Il n’avait que 5 ans. Pendant cinq jours, il a uni la planète toute entière autour de lui en suscitant une très grande émotion. Il a mis son pays, le Maroc, au centre du monde et nous a placés, nous Marocaines et Marocains, face à nous-mêmes et à notre conscience. Coincés dans une bulle à Casablanca, Rabat, Tanger ou Marrakech, nous aurions aimé soulever des montagnes (chose qui a été faite par les secouristes) pour sauver Rayan, l’âme innocente que nous avons tous adopté comme s’il était notre propre enfant.

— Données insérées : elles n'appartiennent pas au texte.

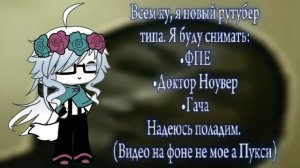 ||00:00||Ку всем||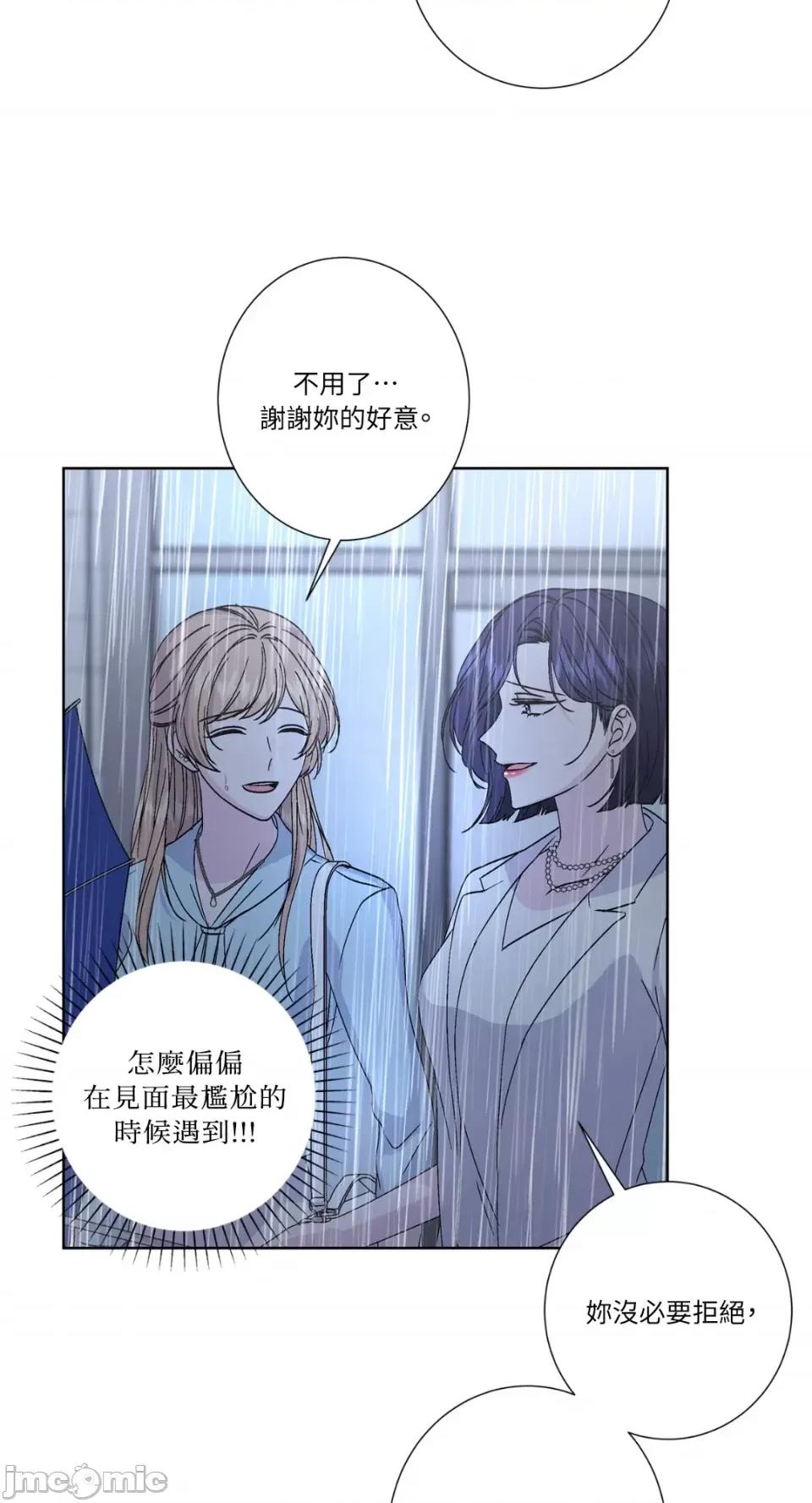 莉莉丝2 莉莉丝2-第44话 第6页
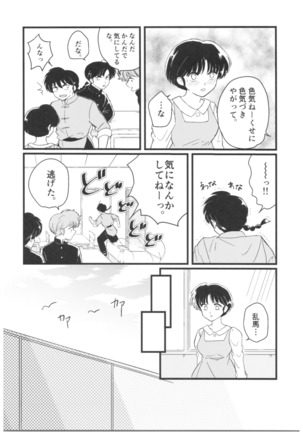 Ranma - Jealous! - Page 38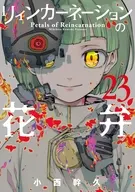 駿河屋限定版）リィンカーネーションの花弁(23) / 小西幹久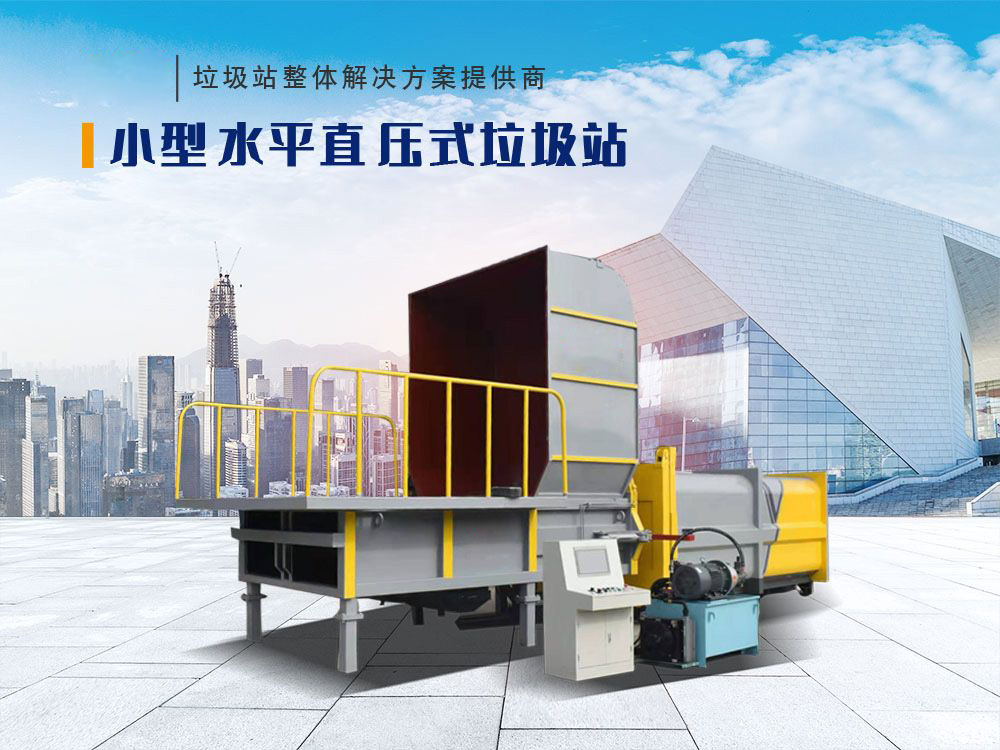 中型水平直壓式垃圾站(平臺式)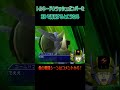 アイアンリーガー トルネードクラッシュボンバーを3Dで再現(スパロボNEO) #shorts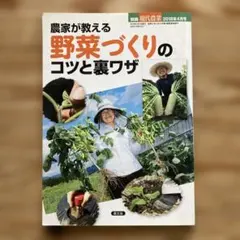 農家が教える野菜づくりのコツと裏ワザ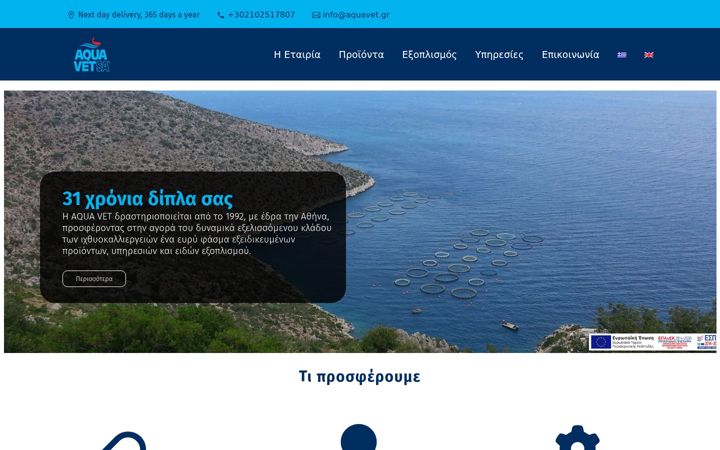 Screenshot of aquavet.gr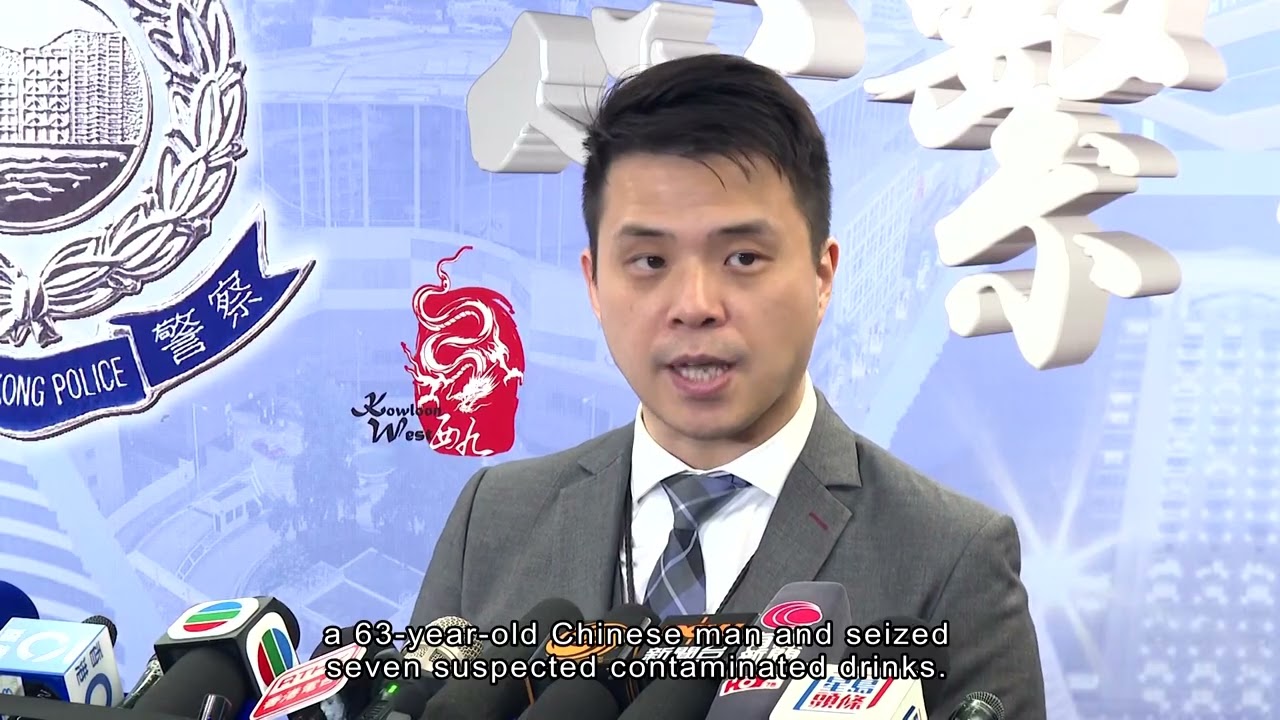 63-year-old Man Arrested over Suspected Urine-laced Drinks| HOY International Business Channel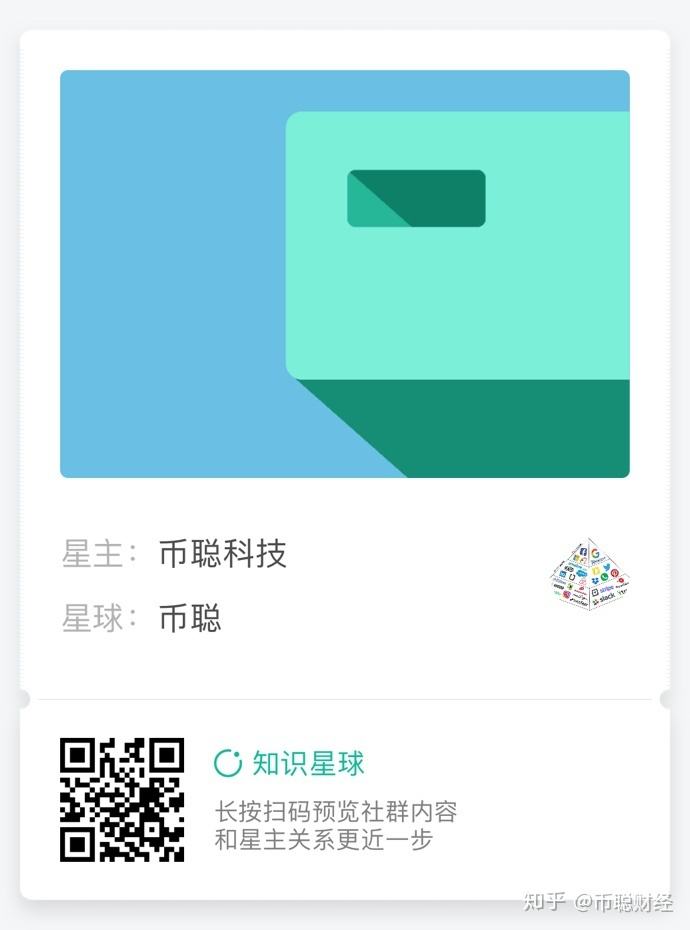 恒星币暴涨，恒星币的最新消息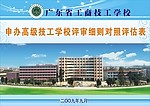 广东省工商技校 封面
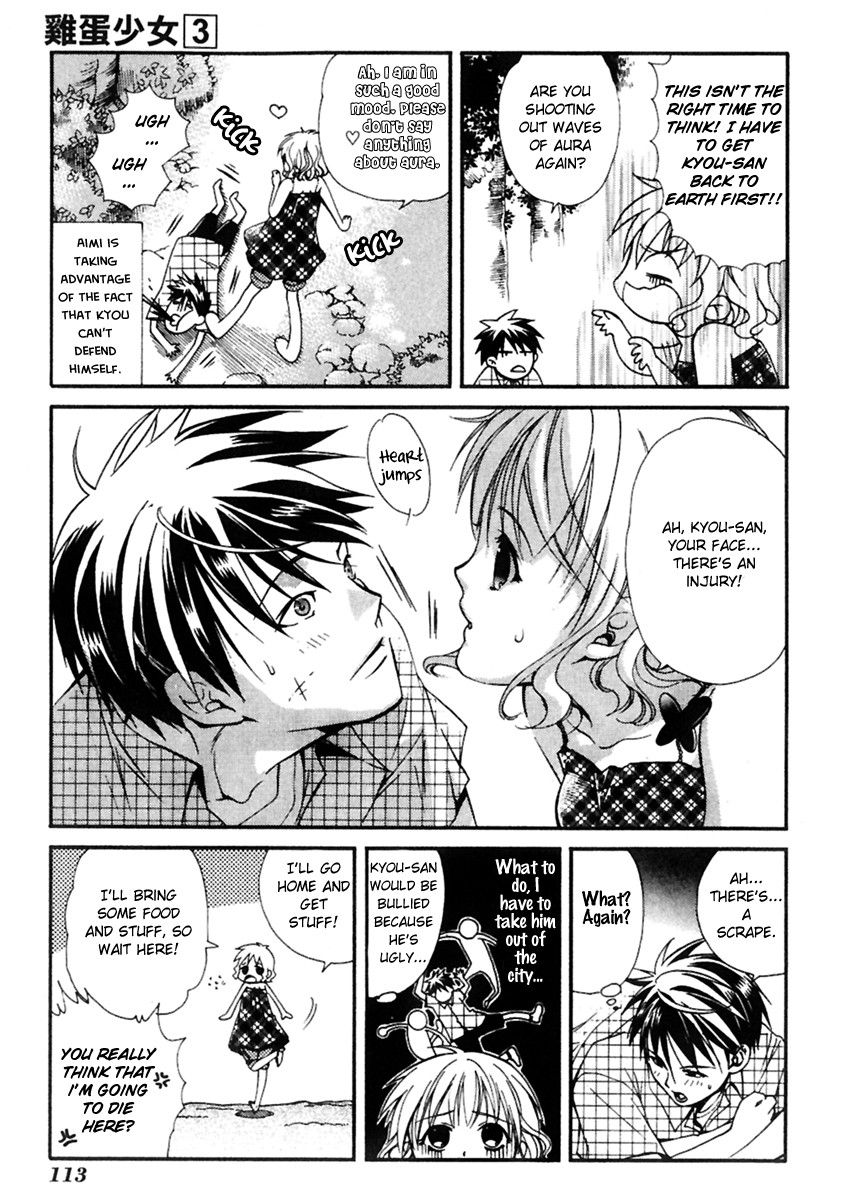 Tamago no Kimi! Chapter 16.2 page 6 - Chapter 16 v2 : Egg 16 : Molting Time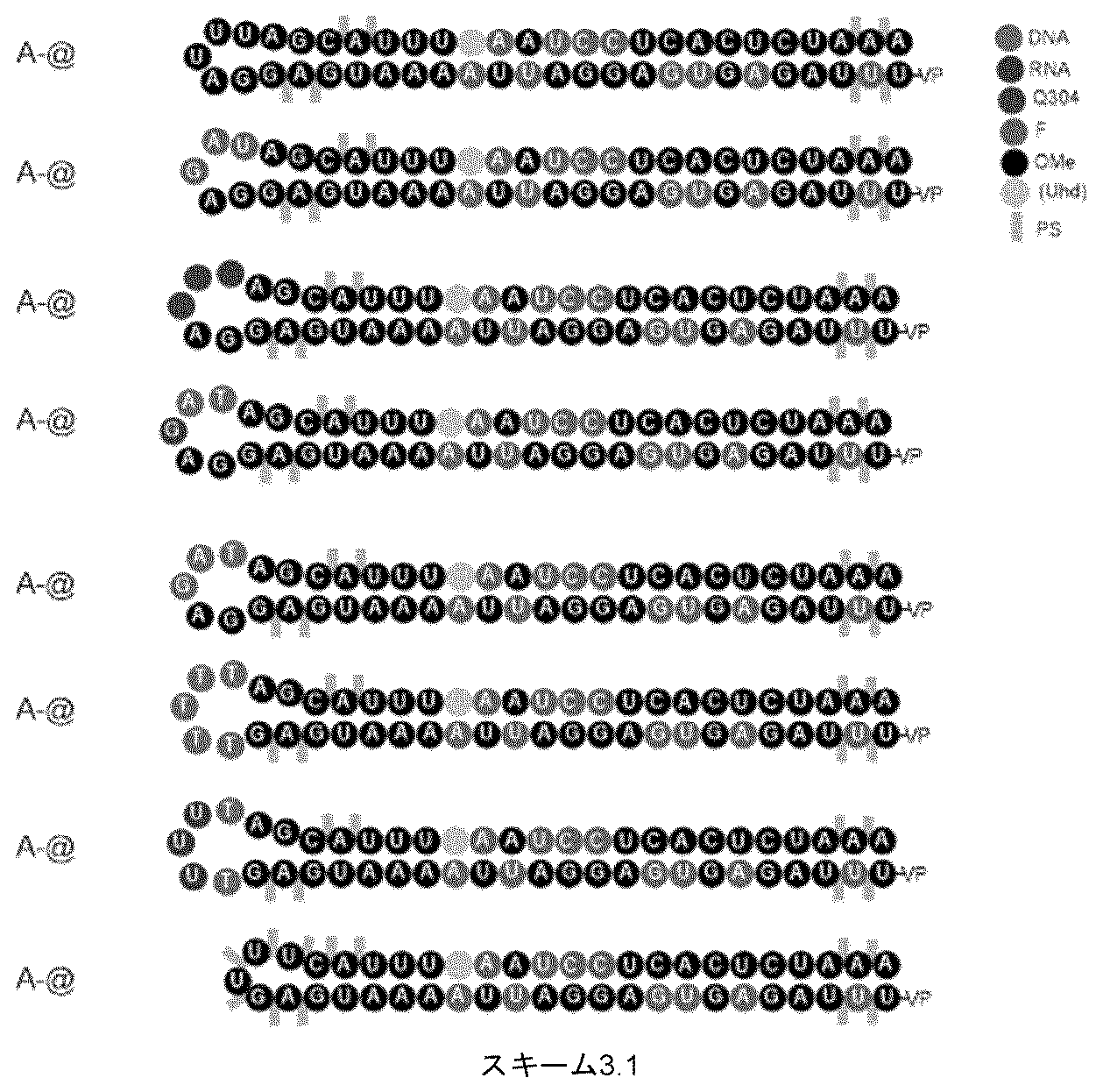 Figure 2025516680000192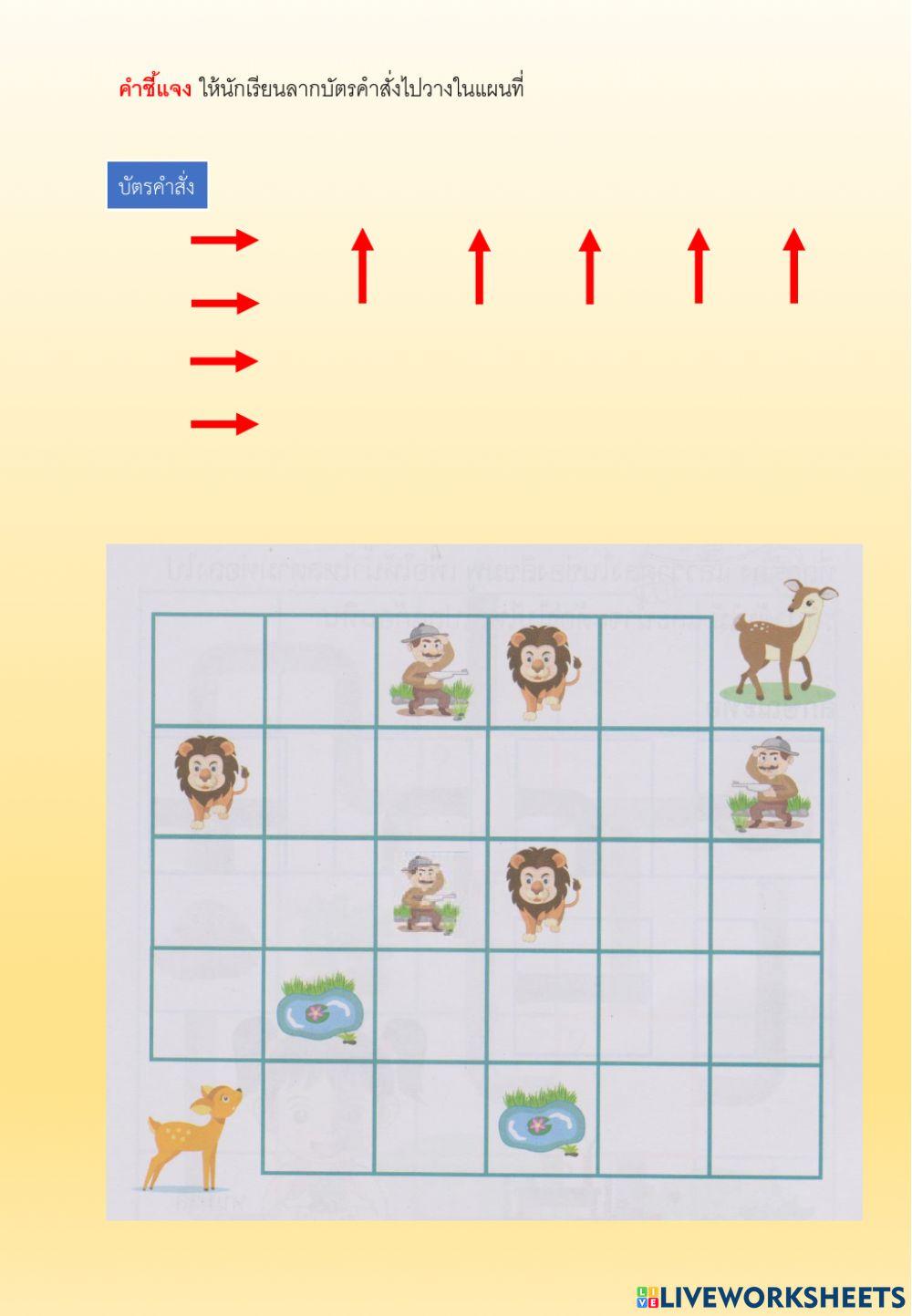 ใบกิจกรรมที่8.1 พากวางน้อยกลับบ้าน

Ce douloureux incident a été suivi de très près par SM le Roi, le père de la nation, qui a donné ses hautes instructions aux autorités concernées pour déployer tous les efforts possibles et nécessaires pour sauver l’enfant. Une initiative saluée par le monde entier.
Ce drame nous a aussi rappelé des vérités que nous avons tendance à cacher avec des œillères. Dans les grandes villes, tout est à portée de main ou presque : l’eau courante est un réflexe, l’électricité une évidence et manger à sa faim… la normalité. C’est le pays dans lequel nous vivons aujourd’hui, un pays dont le développement impressionne depuis une vingtaine d’années. Autoroutes, TGV, fibre optique, Malls et enseignes internationales de fast-food et de mode font partie de notre quotidien. Nous n’avons pratiquement rien à envier aux métropoles internationales… Mais Rayan nous a rappelé qu’une grande partie de nos concitoyens vit toujours dans une autre époque. Dans cette partie du Maroc profond, les besoins sont énormes et les insuffisances sont encore criantes. Une grande partie de la population n’a pas accès à l’eau, une denrée précieuse parce qu’elle est rare. L’école et la santé sont défaillantes ; l’habitat et les routes souffrent d’une grave carence. Ici, les enfants sont livrés à eux-mêmes. La pauvreté, conjuguée à l’ignorance, continue d’alimenter ce cycle de reproduction du sous-développement dans un environnement où les mentalités sont restées figées.
La réalité nous a heurté de plein fouet. Nous nous sommes, toutes et tous vus enfants enfermés dans une cavité à 32 mètres de profondeur avec la peur et la claustrophobie de notre conscience collective. Celle d’avoir à vivre avec la souffrance de l’enfant à qui nous nous sommes identifiés et que nous, pauvres mortels que nous sommes, étions incapables de sauver.
Quel trouble dissociatif de l’identité !
L’humanité qui vit en chacun de nous a finalement triomphé. Nous avons tous prié pour que cette âme innocente soit sauvée. Ce fût un élan de solidarité sans précèdent qui a réuni des millions de personnes de par le monde ; du pape François au footballeur Ronaldo en passant par des personnalités influentes et des anonymes de contrées lointaines. Tous ont prié pour sauver Rayan, le Marocain. Mais, il n’a pas survécu et le monde a pleuré.
Aujourd’hui, cette triste et néanmoins belle histoire doit continuer à nous inspirer. Gardons Rayan dans notre cœur et sauvons les milliers de Rayan qui ont besoin de notre engagement véritable afin de sortir nos campagnes du cercle vicieux de l’ignorance et de la pauvreté.
Des efforts énormes ont été fournis pour arrimer cette partie du pays à la locomotive du développement. Mais, l’État seul ne peut pas tout faire. Le temps est venu de mobiliser davantage les forces vives de la nation pour créer et pérenniser cette chaine de solidarité qui caractérise le peuple marocain. Il est urgent de donner un nouvel élan à l’esprit associatif, engagé et responsable. Fournir aussi les moyens nécessaires aux associations déjà actives sur le terrain pour qu’elles puissent contribuer de manière concrète et significative au développement du pays, et apporter leur soutien aux personnes pénalisées par la géographie et l’oubli.
Ce sera là le meilleur Adieu à faire à cet enfant et il ne sera pas mort mais vivant pour l’éternité.